MILANO — «Non è un caso che i due ingredienti più dinamici nella ricerca della Fondazione Rosselli siano il venture capital e la tecnologia, perché sono due aspetti della stessa medaglia. Paradossalmente siamo avvantaggiati dal nostro ritardo cronico: mentre tutti gli altri frenano, in un momento di difficoltà generalizzata anche per le economie molto attente alle start-up, come Usa, Israele e Gran Bretagna, noi cresciamo. E mi aspetto un 2009 anche migliore». Non sembra sorpreso Pierluigi Paracchi, amministratore delegato di Quantica, il principale fondo di venture capital rivolto all'high tech in Italia che si è appena aggiudicato la fetta più grande del Fondo per le imprese del Mezzogiorno voluto dal governo.
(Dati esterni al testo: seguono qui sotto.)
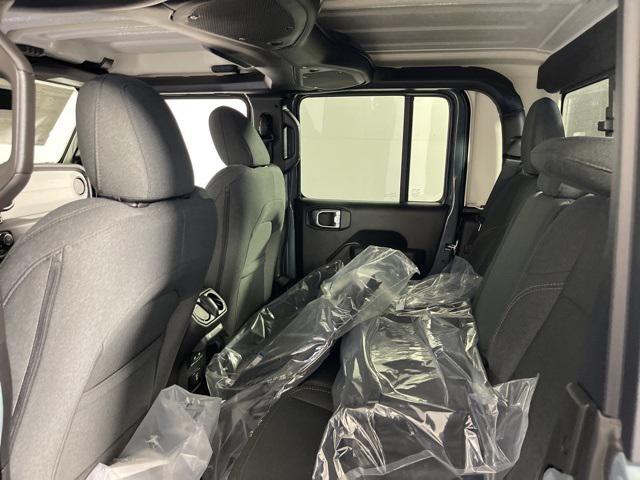 new 2025 Jeep Gladiator car, priced at $50,057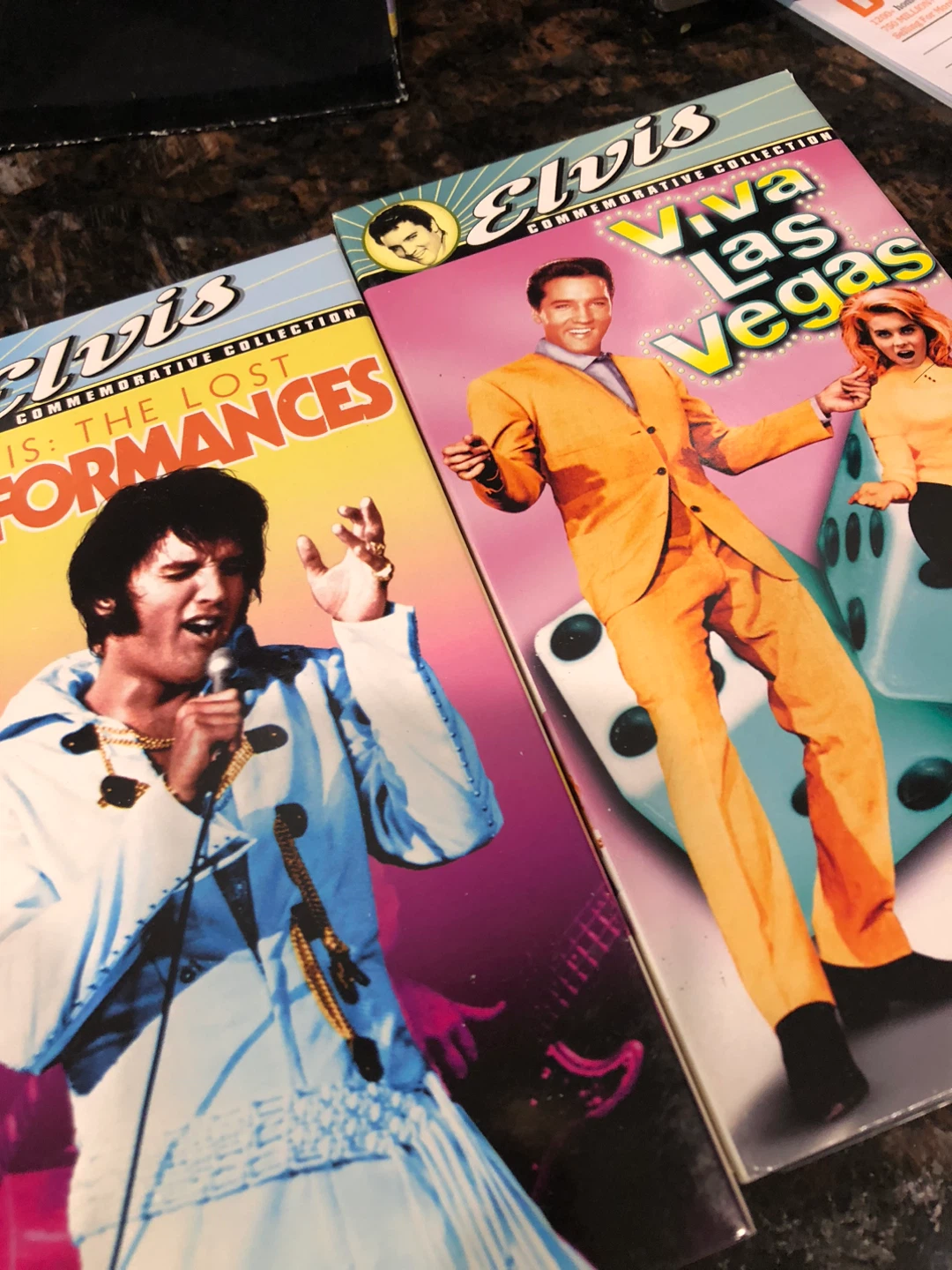 ELVIS commemorative collection VHS - photo 4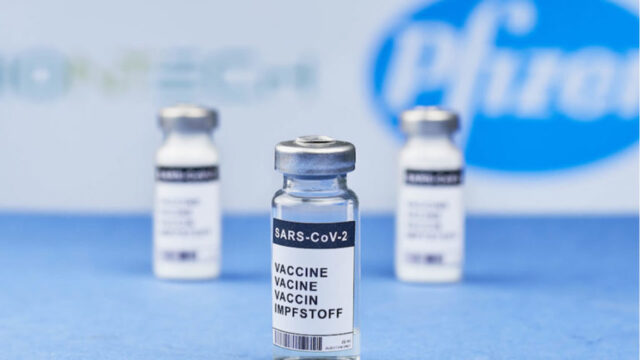 Três doses da vacina Pfizer/BioNTech neutralizam Ômicron, aponta teste das farmacêuticas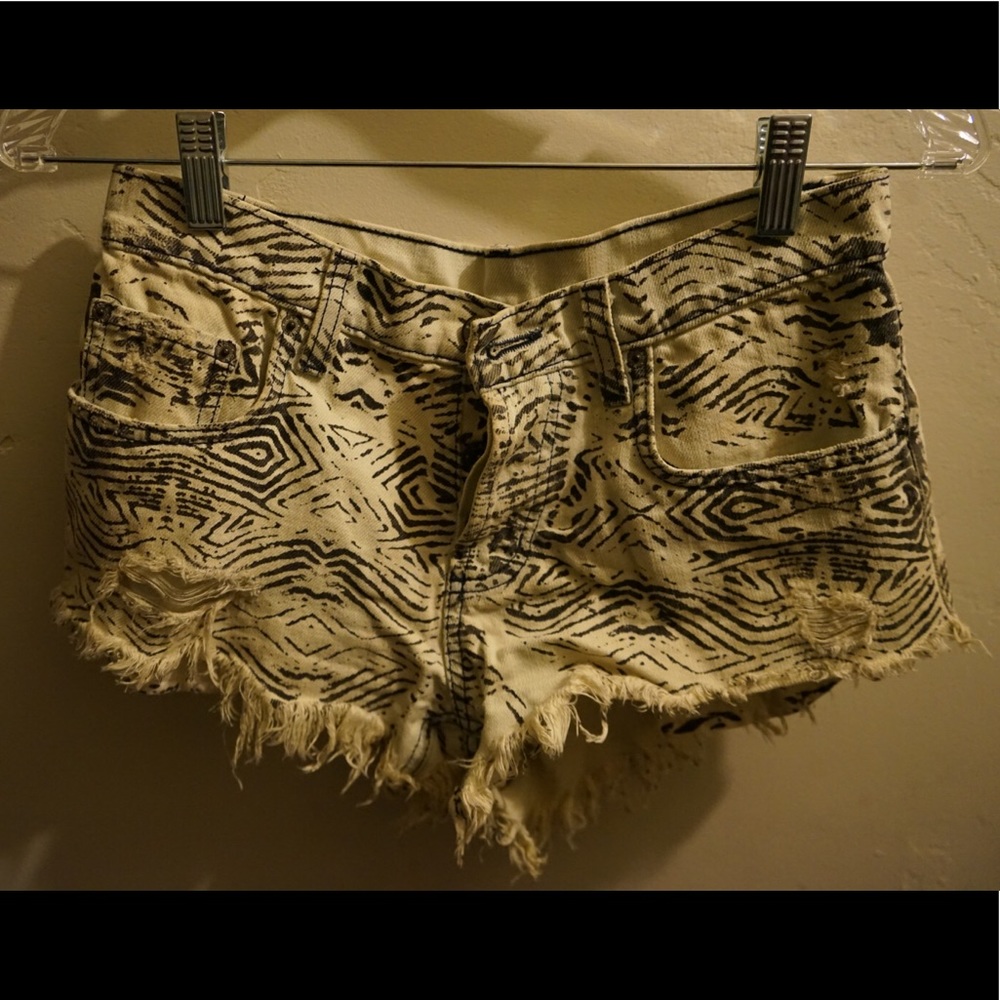 Carmar LF black and white shorts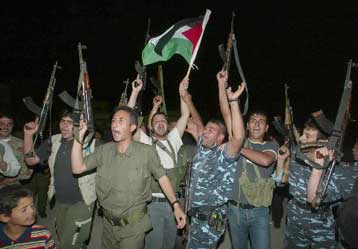 Έληξε η πολιορκία του Αραφάτ – Συνεδριάζει την Πέμπτη η νέα παλαιστινιακή κυβέρνηση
Insomma, vuol dire che chi parte tardi almeno corre di più?

«Dopo anni di concentrazione del private equity sulle piccole e medie aziende a conduzione familiare dove il ricambio generazionale non sempre funzionava, solo da qualche anno abbiamo una legislazione che permette gli spin-off, cioè la possibilità di creare impresa partendo dalla ricerca universitaria. Consideri che il primo boom del venture capital nel mondo è quello del '98-2000, prima dell'esplosione della bolla high tech. Al tempo in Italia era addirittura "fuorilegge" fare uno spin-off di questo genere. La prima legge è la 297 del '99».

E dopo?

«Poi abbiamo avuto un ciclo negativo internazionale, fino al 2003, quando il settore del venture capital e delle start-up è ripartito. Noi, in sostanza, stiamo prendendo quell'onda lunga».

È per questo che è ottimista anche verso il 2009?

«Partiamo dal basso e solo adesso si stanno concretizzando grandi iniezioni finanziarie come quella del Fondo per il Sud. Pensi che nel 2005, quando è partito il nostro primo fondo, il Principia I, con una raccolta di 25 milioni (dei nani a livello internazionale), l'intero settore in Italia era pari a 31 milioni. Ora siamo a 52 milioni solo nel primo semestre 2008 ed è appena arrivato il via libera per gli 87 milioni della gara del fondo per il Sud che potranno essere raddoppiati con apporti privati».

Ma non le sembra contraddittorio il risultato positivo della bilancia tecnologica, che vuol dire che esportiamo brevetti, e la carenza di capitale umano?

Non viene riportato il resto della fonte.